» TASK TO COMPLETE
A faithful copy is needed of the lines below from the one with "UGG Whitecap Full/Queen" up to and including the one with "SIGOR Magnetic Wireless"; set it down with no pictures and no other lines.

» DATA SHOWN
Content starts

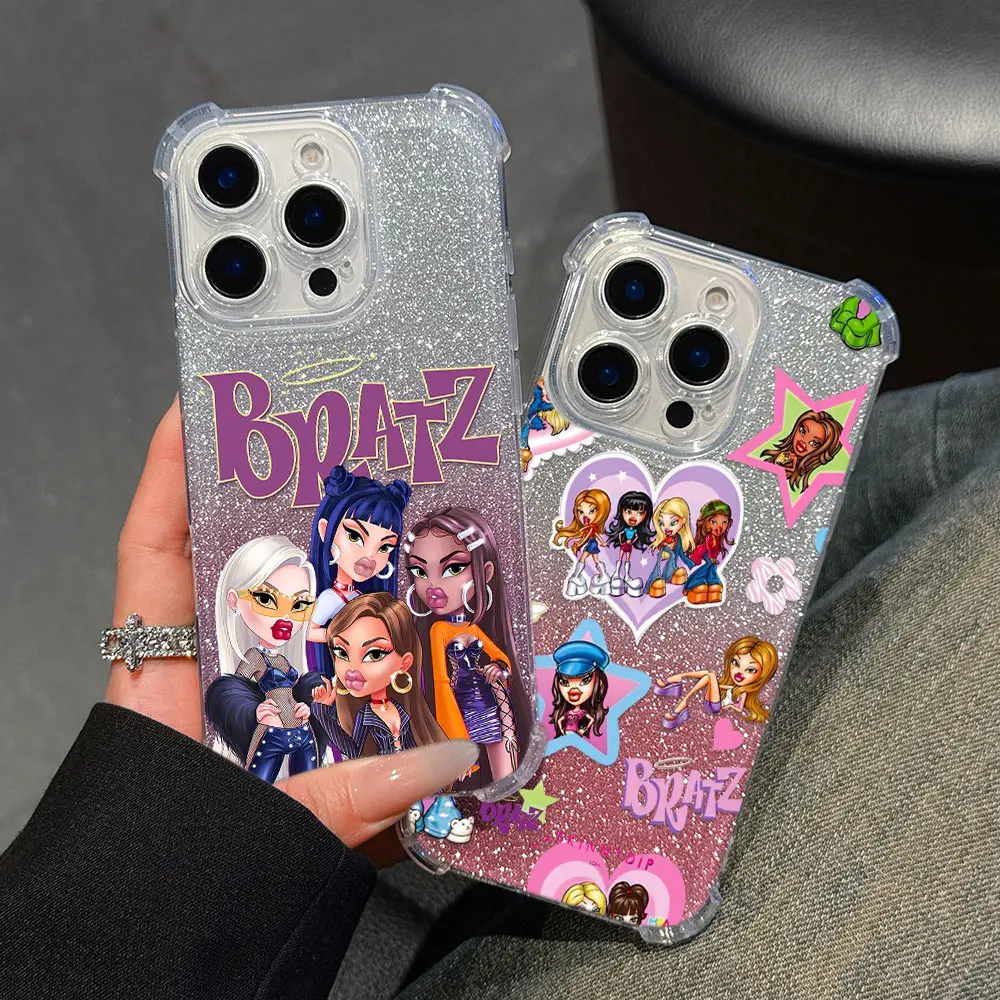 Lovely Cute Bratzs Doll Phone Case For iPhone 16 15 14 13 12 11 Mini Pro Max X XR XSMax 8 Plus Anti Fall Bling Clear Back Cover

Content ends
Content starts

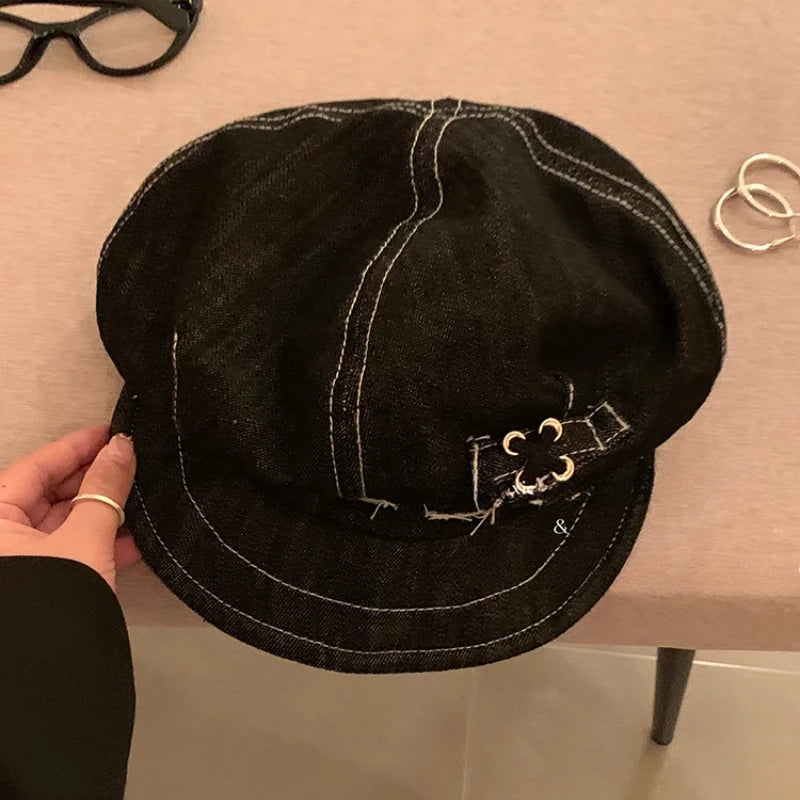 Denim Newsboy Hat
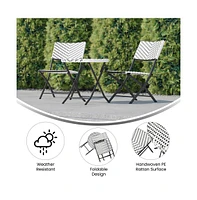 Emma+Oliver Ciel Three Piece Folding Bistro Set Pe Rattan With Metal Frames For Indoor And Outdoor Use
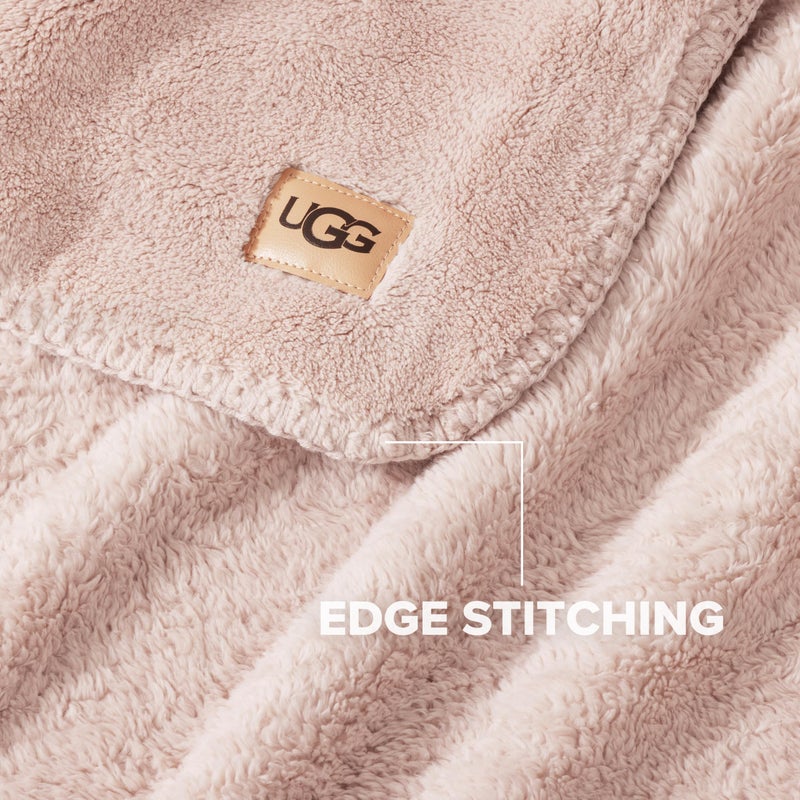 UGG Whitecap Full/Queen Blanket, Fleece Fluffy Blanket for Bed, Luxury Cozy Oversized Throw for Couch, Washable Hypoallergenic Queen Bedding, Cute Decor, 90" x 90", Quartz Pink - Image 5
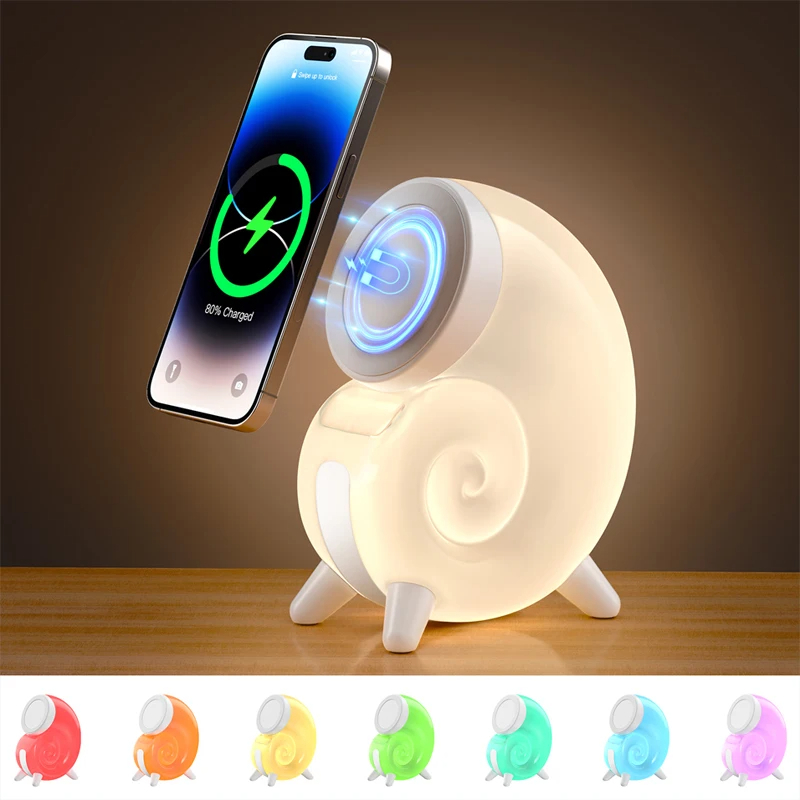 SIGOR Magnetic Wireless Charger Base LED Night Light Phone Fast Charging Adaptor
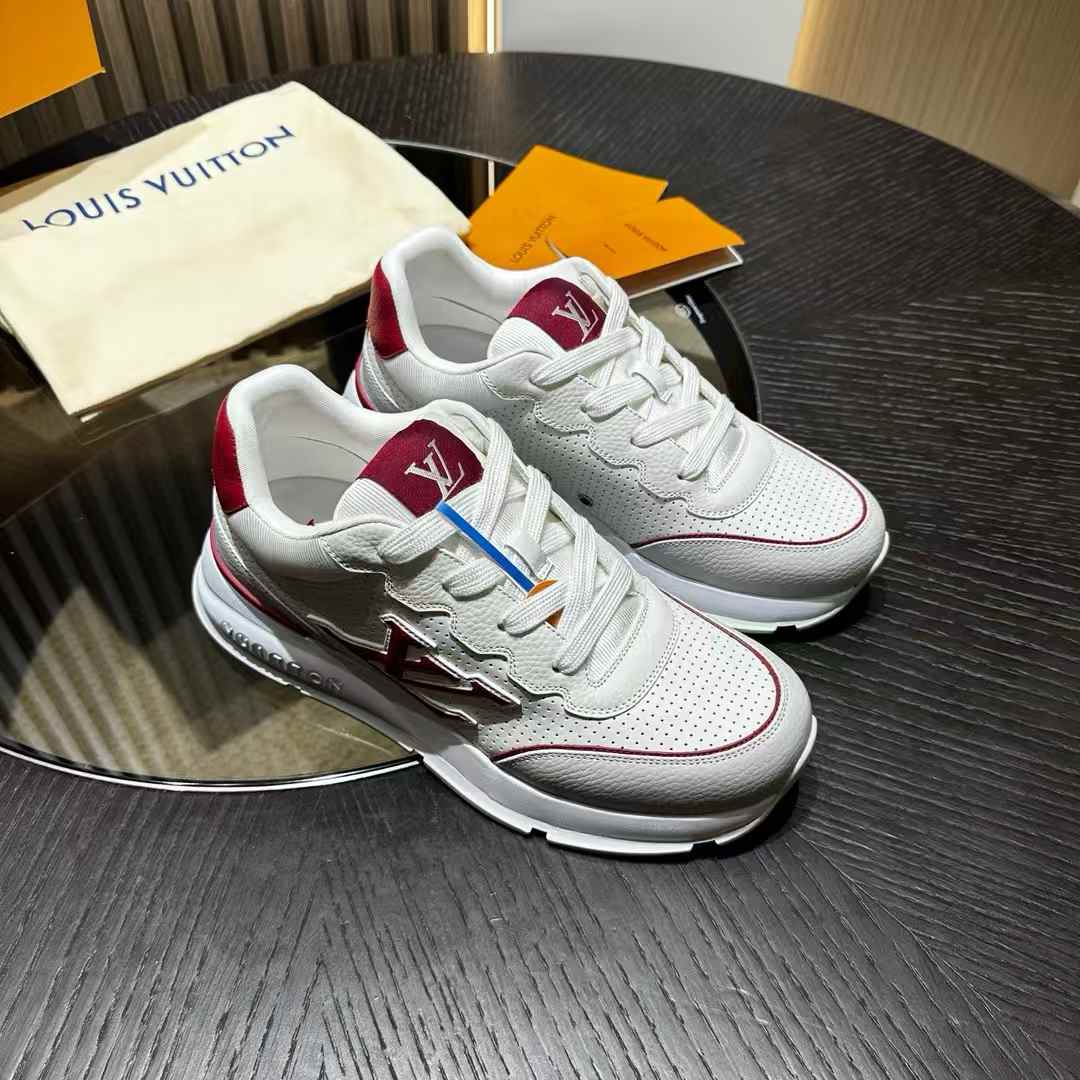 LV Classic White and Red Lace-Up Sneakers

Content ends

» OUTPUT BELOW
 UGG Whitecap Full/Queen Blanket, Fleece Fluffy Blanket for Bed, Luxury Cozy Oversized Throw for Couch, Washable Hypoallergenic Queen Bedding, Cute Decor, 90" x 90", Quartz Pink - Image 5
 SIGOR Magnetic Wireless Charger Base LED Night Light Phone Fast Charging Adaptor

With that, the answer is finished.